The next most prevalent lactobacilli found in the gastrointestinal tract of A. florea (AFPSH2 and AFPSH3) was L. plantarum. This species is normally considered as Generally Recognized as Safe (GRAS) by the US FDA, and many L. plantarum strains have been isolated from various ecological niches, such as fruits, cereal crops, vegetables, fish, fresh meat, and honey bees (A. dorsata) (Talarico and Dobrogosz 1989). Today, L. plantarum is widely applied in food processing methods, including use in fermentation as a starter culture and as an additive to improve food quality and sensory characteristics such as odor, texture, and consistency. Van Hoorde et al. (2008) have suggested that this species could be used for the protection of products because of the presence of lactic acid or additional antimicrobial agents.

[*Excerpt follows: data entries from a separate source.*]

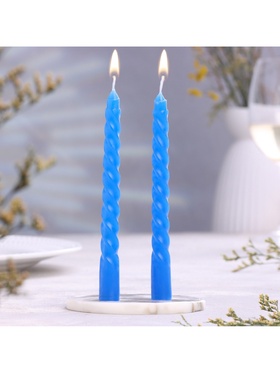 Набор свечей ароматических витых, 1.5?15 см, 2 шт., черника (комплект 6 шт)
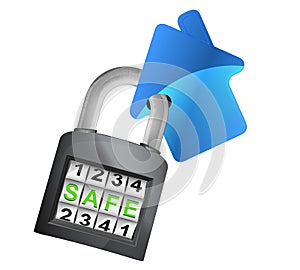 House icon caught in security closed padlock isolated vector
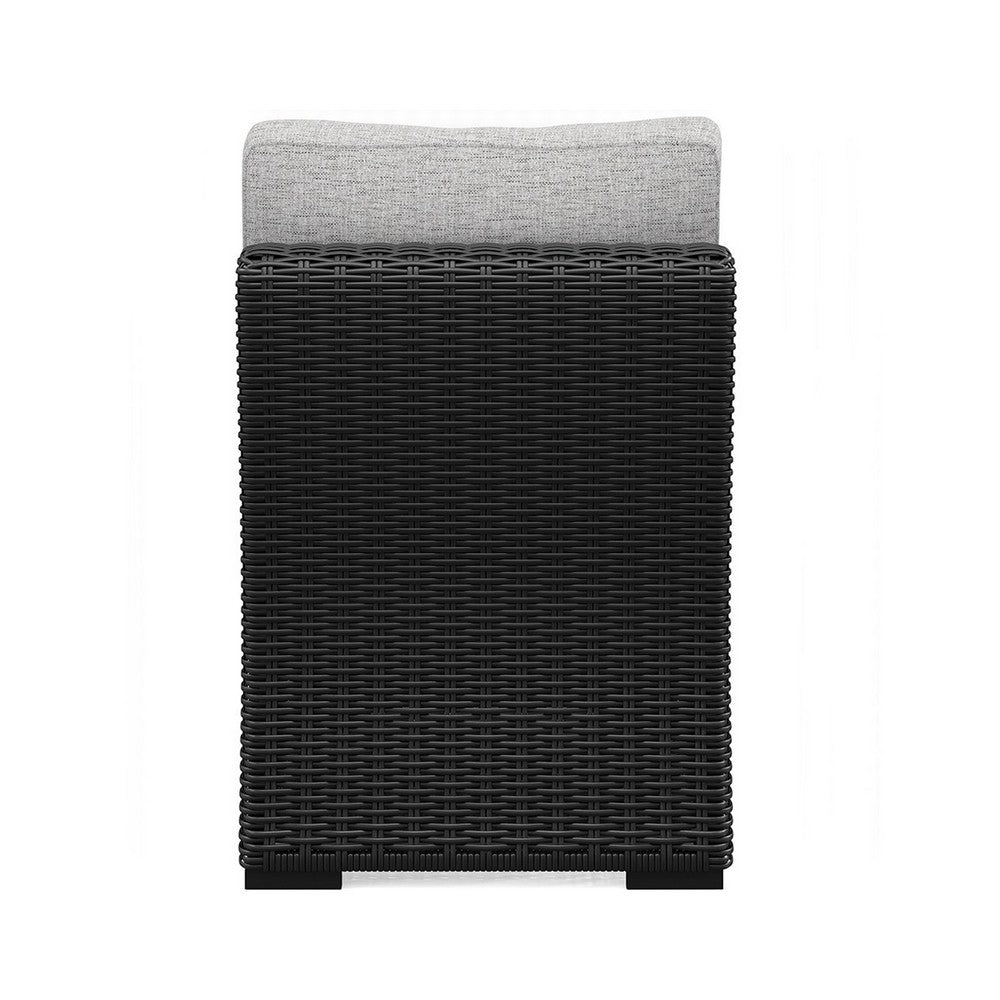 Benjara Tira Outdoor Modular Armless Chair, Black Woven Wicker, Gray Nuvella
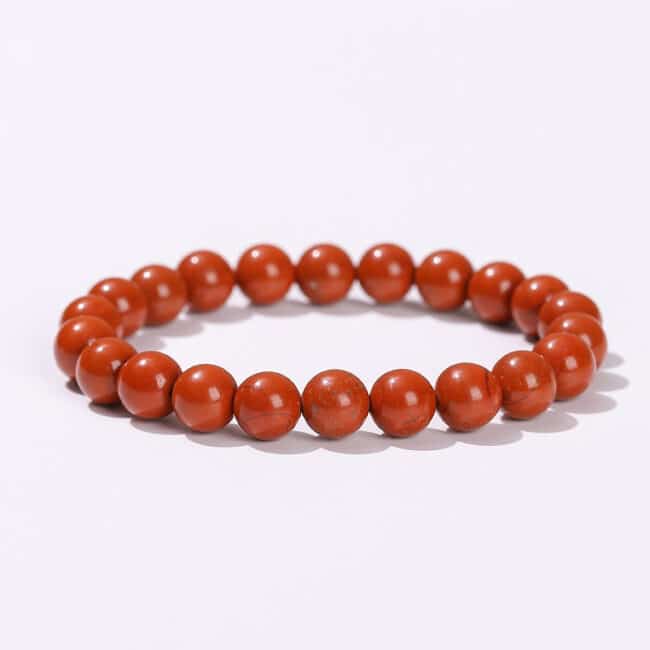 Bracelet en pierre naturelle de jaspe rouge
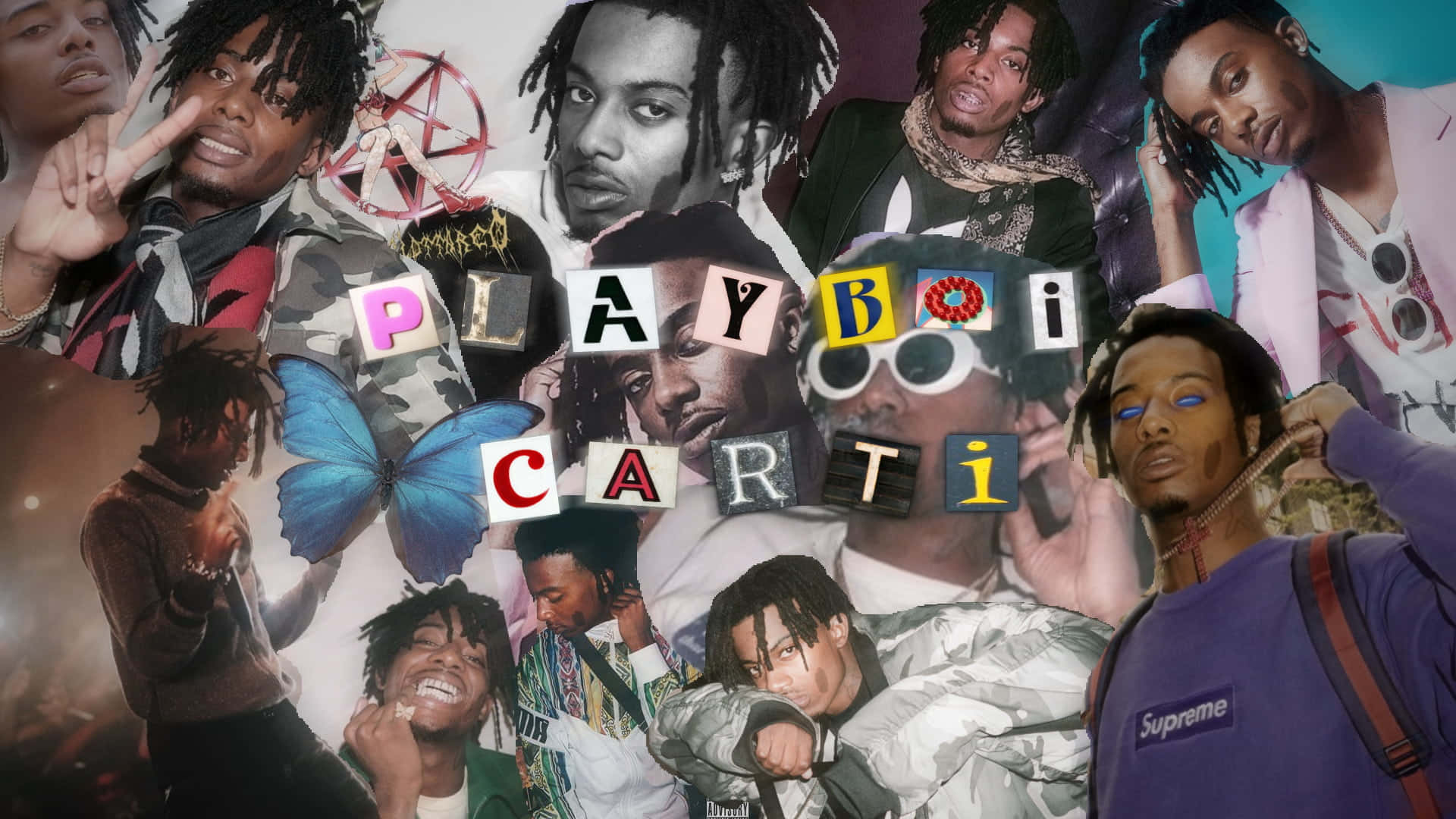 Playboi Carti, blue butterfly, bold lettering, Full HD Desktop Wallpaper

The next most prevalent lactobacillus in the gastrointestinal tract of bees (AFPSH4) was L. apis. What is known about this species is mainly based on empirical studies conducted by Killer et al. (2014), who described how to isolate and identify this species as a novel member of the Lactobacillus genus. They found that this species has an inhibitory effect on Paenibacillus larvae (causal agent of American foulbrood (AFB) in honey bees) and Melissococcus plutonius (causal agent of European foulbrood (EFB)) growth under controlled conditions. A possible explanation for this is that Lactobacillus antimicrobial mechanisms establish a synergistic effect in honey bees to protect the bacteria and their hosts against external pressures, including microbes present in pollen or nectar and specific honey bee pathogens. This old symbiotic association between bees and LAB may provide an enormous advantage for bees (Kwong and Moran 2016). Lactobacillus species living in the digestive tract of honey bees, especially in the crop, have vital implications for pathologies in honey bees, especially for bacterial brood diseases like AFB or EFB. The results from a previous study carried out by Consortium (2006) showed that in comparison with other insects, honey bees harbor only ~ 30% of the number of genes found in other insects that are involved in innate immunity mechanisms. In addition to the social defense observed in other social insects (Wilson-Rich et al. 2009), honey bees may also take advantage of LAB symbionts, which play a critical role in pathogen defense mechanisms to reduce their degree of dependency on the innate immune system.

Today, due to the overuse of antibiotics and the rise of resistant pathogens, researchers are looking for a new approach to control infectious diseases. Therefore, any effort to identify LAB can be considered as an important step towards industrial production of these bacteria to address infectious diseases in human and other animals. Identifying and applying these bacteria would help both honey bees and humans through our diet by producing probiotic honey or other products, and this topic deserves more investigation.